Another example is synonyms - generate extra terms at index time for greater
precision of searches, but limit the query terms to exclude the "extra"
terms.
That's the reason for the occaassional asymmetry between index-time and
query-time analyzers.
-- Jack Krupansky
-----Original Message-----
From: johnmu...@aol.com
Sent: Wednesday, November 07, 2012 7:13 PM
To: solr-user@lucene.apache.org
Subject: Questions about schema.xml
HI,
Can someone help me understand the meaning of <analyzer type="index"> and
<analyzer type="query"> in schema.xml, how they are used and what do I get
back when the values are not the same?
For example, given:
<fieldType name="text" class="solr.TextField" positionIncrementGap="100"
autoGeneratePhraseQueries="true">
<analyzer type="index">
<tokenizer class="solr.WhitespaceTokenizerFactory"/>
<filter class="solr.StopFilterFactory" ignoreCase="true"
words="stopwords.txt" enablePositionIncrements="true" />
<filter class="solr.WordDelimiterFilterFactory" generateWordParts="1"
generateNumberParts="1" catenateWords="1" catenateNumbers="1"
catenateAll="0" splitOnCaseChange="1"/>
<filter class="solr.LowerCaseFilterFactory"/>
<filter class="solr.KeywordMarkerFilterFactory"
protected="protwords.txt"/>
<filter class="solr.PorterStemFilterFactory"/>
</analyzer>
<analyzer type="query">
<tokenizer class="solr.WhitespaceTokenizerFactory"/>
<filter class="solr.SynonymFilterFactory" synonyms="synonyms.txt"
ignoreCase="true" expand="true"/>
<filter class="solr.StopFilterFactory" ignoreCase="true"

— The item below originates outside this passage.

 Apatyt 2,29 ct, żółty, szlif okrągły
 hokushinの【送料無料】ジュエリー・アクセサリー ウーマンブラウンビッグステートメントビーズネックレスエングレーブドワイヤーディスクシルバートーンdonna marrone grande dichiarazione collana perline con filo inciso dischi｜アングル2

words="stopwords.txt" enablePositionIncrements="true" />
<filter class="solr.WordDelimiterFilterFactory" generateWordParts="1"
generateNumberParts="1" catenateWords="0" catenateNumbers="0"
catenateAll="0" splitOnCaseChange="1"/>
<filter class="solr.LowerCaseFilterFactory"/>
<filter class="solr.KeywordMarkerFilterFactory"
protected="protwords.txt"/>
<filter class="solr.PorterStemFilterFactory"/>
</analyzer>
</fieldType>
If I make the entire content of "index" the same as "query" (or the other
way around) how will that impact my search? And why would I want to not
make those two blocks the same?
Thanks!!!
-MJ